In chapter 12 of Digital Culture, Play, and Identity: A World of Warcraft Reader, Tronstad delves into the “player-character” identification process of World of Warcraft by analyzing the relationship between character appearance and character capacity and how these aspects of the game enable a player to experience flow with their character throughout the different game modes. Tronstad begins her chapter on character identification in the World of Warcraft by discussing the topic of identification. She states that there are two ways identification can be understood. The first, sameness identity, happens when the player has a sense of being their character while the second, empathetic identity, is achieved when the player experiences what their character experiences. Tronstad then briefly illustrates how these identities encourage flow in the different game modes included in the World of Warcraft. For her, flow is a state in which the player becomes immersed in their character, or in other words, they become one. She states, “When, in World of Warcraft, gameplay is experienced as flow, the capacities of the character and those of the player are experienced as being in perfect balance. The player and character are here perfectly connected, which requires that the player has internalized the controls and game mechanics to such a degree that the medium between himself and the game world becomes transparent” (254). This transparency is what enables a player to fully identify with a character. Tronstad continues, “In flow, the player is freed from the burden of interaction, as there is a loss of self-consciousness in which he is delivered from himself” (254). Ragnhild Tronstad concludes her chapter on identity by restating that understanding controls, knowing the game mechanics and having complete knowledge are essential to experiencing flow in World of Warcraft. Tronstad’s argument in this chapter is interesting. She believes that in the World of Warcraft, the duration spent questing, enhancing armor, and learning the game mechanics, improves the flow between player and character. More so, she argues that that appearance and capacity equally improves the player’s processes of identification. Although her argument is insightful and thorough, there is one topic that grabbed my focus.

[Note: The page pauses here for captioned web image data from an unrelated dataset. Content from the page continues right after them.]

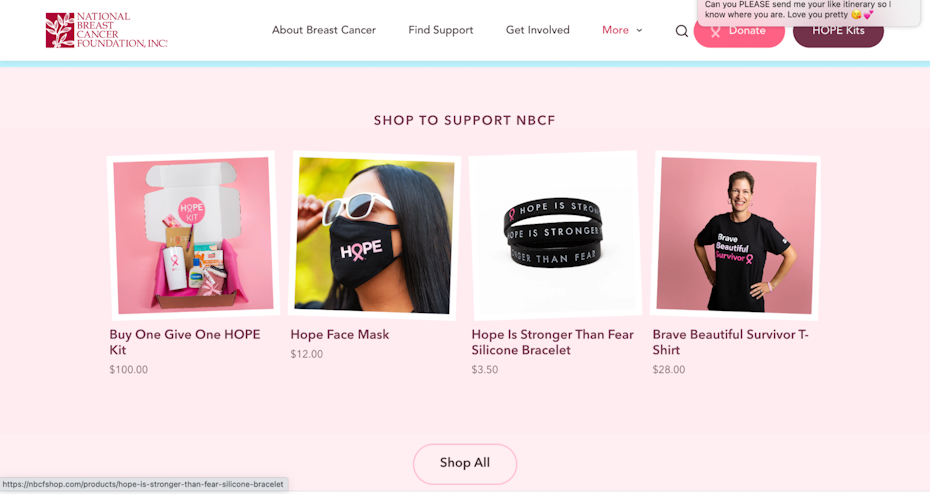 The National Breast Cancer Foundation’s shop 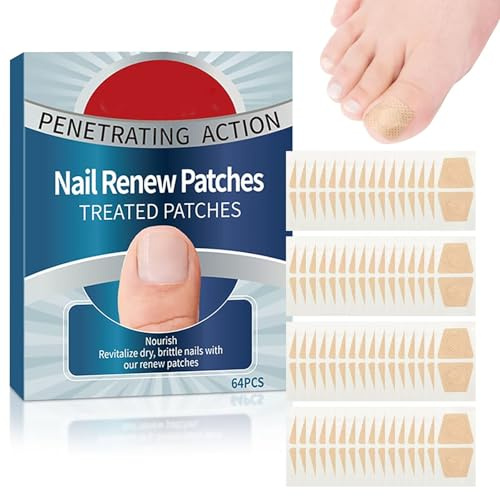 Fungal Nail Treatment Patches, 64 PCS Nail Repair Patches for Toenail Repair & Antifungal Treatment, Damaged Nails Care, Multi-Purpose Use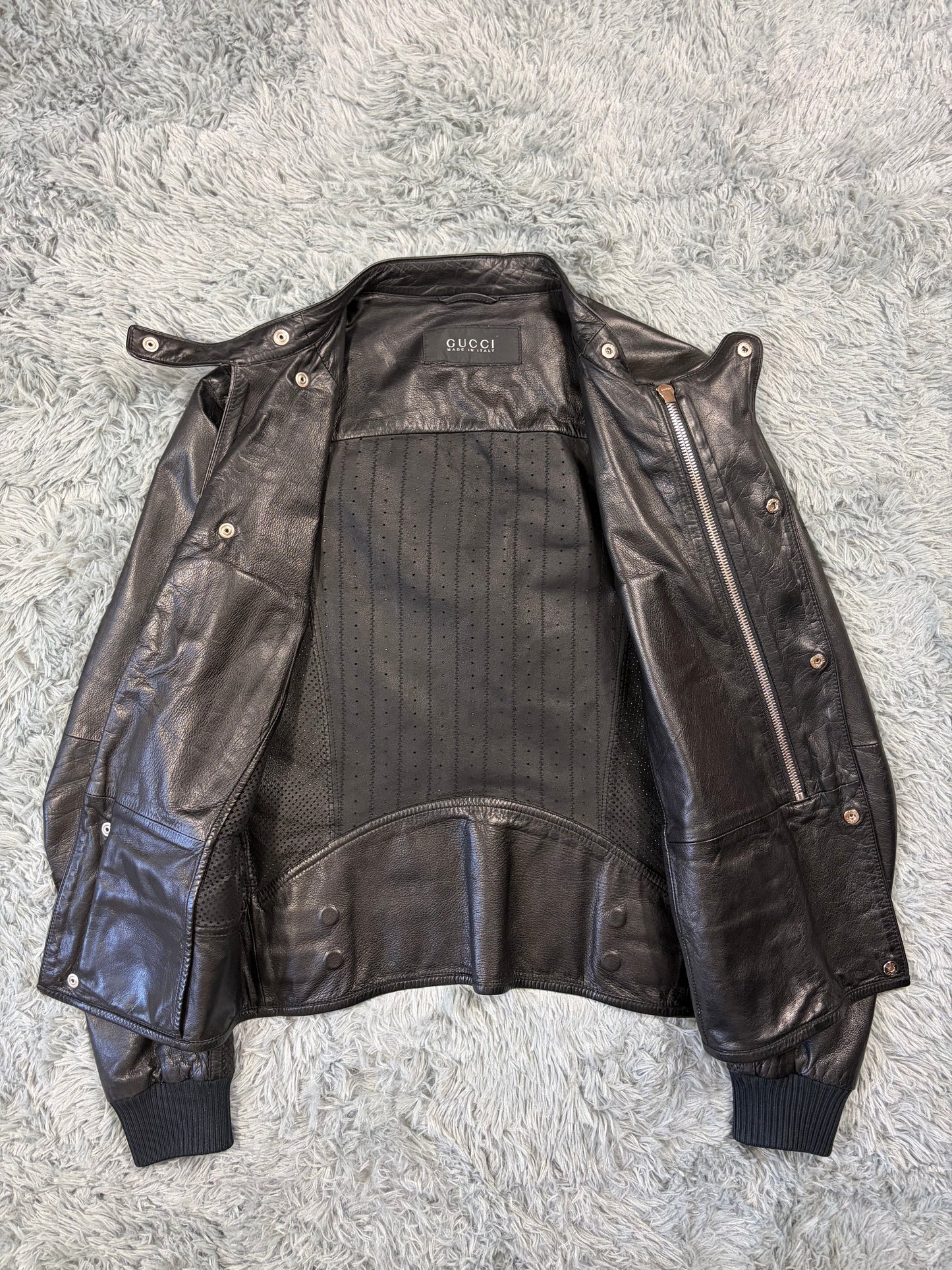 Gucci 00’s by Frida Giannini Perforated Leather Premium Biker Jacket - IT46
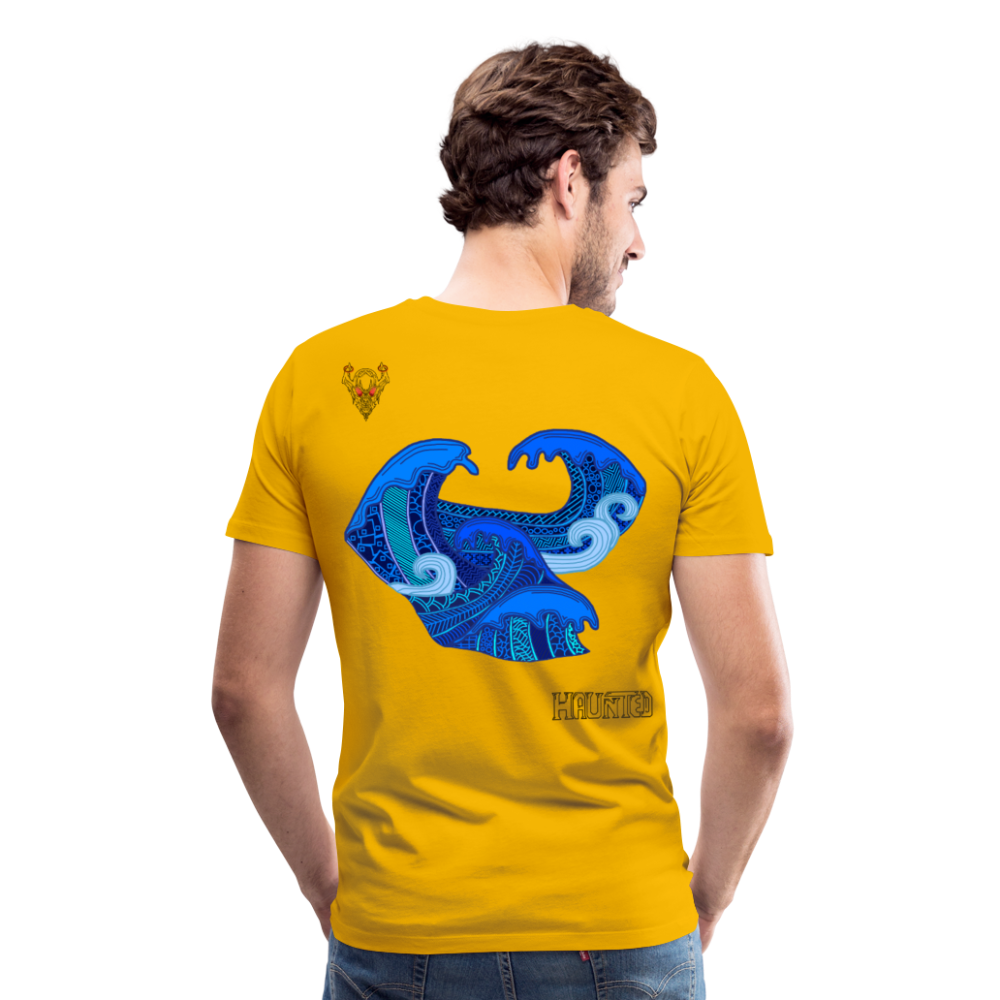 Man T-Shirt Waves Dark - Sonnengelb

The argument that I found interesting was her idea that appearance and capacity are equally important in the player identification process. She is correct. In my opinion, and I feel she would agree, that appearance and capacity are dependent upon each other in video games such as the World of Warcraft. When you create a character in this game you are essentially given a choice of human or non-human. For my example, I’ll use the Human and the Pandaren to better illustrate my thought process. When you choose a human you are, in one way or another, able to create your appearance. You can choose your skin color, hair type and color, and gender. Ultimately, you can easily imagine yourself as, “Athera: Goddess of Goldshire”. However, as a Pandaren, while you can match your gender, a panda will never resemble a human. If that is true then how are these players able to identify with their character? Simple, Tronstad already told you: their capacity. Their capacities become their appearance. The characteristics of a Pandaren entices player personalities that value remaining neutral in times of war or personalities that will fight for the side they emotionally believe to be right. In this aspect of the game the characteristic are characteristics in you, and as a result you can now identify yourself with the panda character that does not look like you. Further, I would argue that this is not only true for MMOGs but also for most video games. Appearance wise you’re not a Lombax who runs around a with your bestfriend robot fighting evil but due to the his capacities, you can relate to Ratchet and envision yourself traveling through the Solana Galaxy. Despite appearance being one of the easiest ways for players to relate with their characters, a character’s capacity is also essential to the process. Although I am not a warlock, the way he approaches battle both mentally and physically, I can envision myself as him, thus supporting Tronstad’s argument of appearance and capacity equally contributing to my player character identification process.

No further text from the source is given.